Il est malin Alex Garland, sous ses airs de pas y toucher. Civil War est un vrai film de fiction sur une guerre civile américaine imaginaire… Suffisamment proche et réaliste pour être constamment crédible, mais tout aussi opaque sur les motivations et les appartenances de ses différents acteurs pour surprendre sans cesse.

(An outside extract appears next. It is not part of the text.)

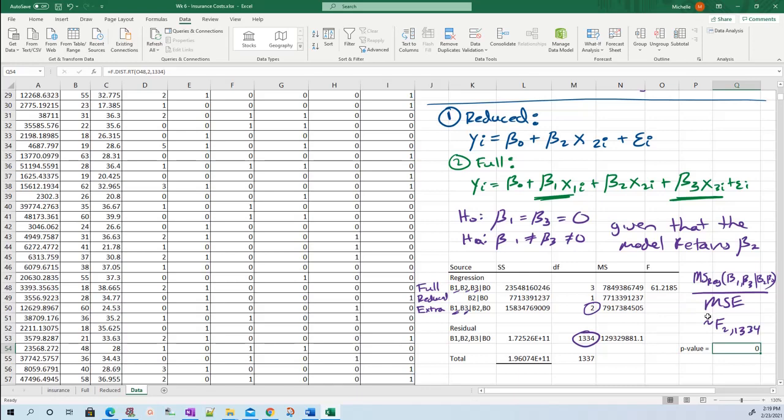So it's highly significant. That means this full model does a lot better than this reduced model. We would reject this null hypothesis and say the full model is significantly better than the reduced model.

Kirsten Dunst, photographe de la guerre civile

Kirsten Dunst et Wagner Moura.

Dès le début du film, le discours de « victoire » qu’est en train de répéter un Président des États-Unis en route pour un troisième mandat est déjà entrecoupé de séquences d’émeutes et d’exactions de toutes sortes à la façon des guérillas urbaines. Car le film va épouser le point de vue d’une photojournaliste capée (Kirsten Dunst, très focus), traversant les États-Unis de New York à Washington avec une apprentie fan d’elle, et un flic en civil un peu agité du bocal (Wagner Moura, en sosie américain d’Olivier Minne).

Les scènes de guerre de Civil War.

Ce prétexte au road trip façon série B permet à Alex Garland de radiographier son pays à sa guise, à travers le point de vue à la foi neutre et impliqué des journalistes de guerre. L’occasion pour lui d’alterner, sur un faux rythme entre coolitude à la Soderbergh (esthétisme et BO fun afro-américaine), et séquences d’ultraviolences jusqu’aux exécutions à bout portant à ne pas mettre sous tous les yeux. Avec une pointe d’ironie macabre (la séquence de la vendeuse qui préfère de ne pas savoir ce qui se passe mais veut bien faire essayer une robe…).

À l’assaut de la Maison Blanche

Avec le budget mini-hollywoodien des productions A24 (La Zone d’intérêt ou Mise à mort du cerf sacré), Civil War se permet de sortir blindés et hélicos de la véritable armée américaine. Même si le troisième acte à l’assaut de la Maison Blanche, tourné en studio, s’il reste efficace, apparaît plus artificiel. La singularité du film reste avant de montrer l’horreur d’une guerre civile à travers un pur film d’action, évitant toute psychologie et toute cause sociétale clairement identifiée.

Traversée sanglante de l’Amérique

Le cri sourd de Wagner Moura au milieu de soldats non identifiés.

Ni wokiste, ni anti-trumpiste, Civil War se termine d’ailleurs le temps d’un échange de balles à la White House par un face-à-face meurtrier entre deux femmes noires. Entretemps, des charniers intempestifs aux milices identitaires particulièrement susceptibles, il nous aura livré un poème macabre en forme de traversée sanglante d’une Amérique en état d’apocalypse. Et ne nous aura rien épargné de l’ultra-violence américaine, que les cris sourds de ses personnages brisés par la réalité, couverts par la musique ou le bruit des gâchettes. Un choc.

Civil War d’Alex Garland (EU, 1h45) avec Kirsten Dunst, Wagner Moura, Cailee Spaeny, Stephen McKinley Henderson… Sortie le 17 avril.